Alarm in Bäderbetrieb — Einsatzkräfte sichern Bereich
In Wels-Lichtenegg führte ein ausgelöster Chlorgasalarm am späten Samstagabend zu einem größeren Einsatz von Rettungskräften. Alarmiert wurden zwei Feuerwehren, der Rettungsdienst und die Polizei. Die Einsatzkräfte räumten im Zuge der Maßnahmen die Parkplätze rund um den Bäderbetrieb, wo sich zu dieser späten Stunde noch zahlreiche Personen aufhielten.
Vor Ort führten die Feuerwehrleute Messungen durch, um eine mögliche Gefährdung durch Chlorpartikel oder -dämpfe zu überprüfen. Diese Messungen bestätigten den technischen Alarm nicht; auch eine Folge-Messung fiel negativ aus. Nach diesen Ergebnissen konnte den Anwesenden Entwarnung gegeben werden und der Einsatz beendet werden.

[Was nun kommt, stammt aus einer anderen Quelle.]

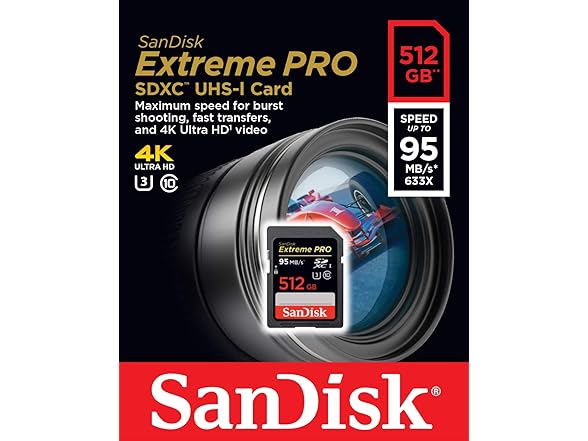 SanDisk 512GB Extreme PRO SDXC UHS-I Card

Konsequenzen für Besucherinnen und Besucher
Für die Besucherinnen und Besucher des Freibads und Hallenbads in Lichtenegg bedeutete der Einsatz zunächst eine Einschränkung: Die Polizei räumte die unmittelbaren Parkflächen während der Einsatzdauer. Da die Messungen jedoch keine erhöhten Werte zeigten, blieben nach Abschluss der Prüfungen weitergehende Sicherheitsmaßnahmen wie Evakuierungen oder Behandlungsbedarf von Personen aus.
- Ort: Frei- und Hallenbad Wels-Lichtenegg
- Eingesetzte Stellen: zwei Feuerwehren, Rettungsdienst, Polizei
- Ergebnis: Messungen negativ — Entwarnung
Chlor wird in Bädern zur Desinfektion des Wassers eingesetzt. Technische Alarme können durch falsche Sensorlagen, Auslöser in der Anlage oder Störungen entstehen; sie erfordern jedoch immer eine vorsorgliche Abklärung durch die Einsatzkräfte, um Risiken für Badegäste und Personal auszuschließen. Dass die Feuerwehr in Wels-Lichtenegg Messungen vorgenommen und damit eine Gefährdung verworfen hat, dürfte für den weiteren Betrieb des Bades beruhigend sein.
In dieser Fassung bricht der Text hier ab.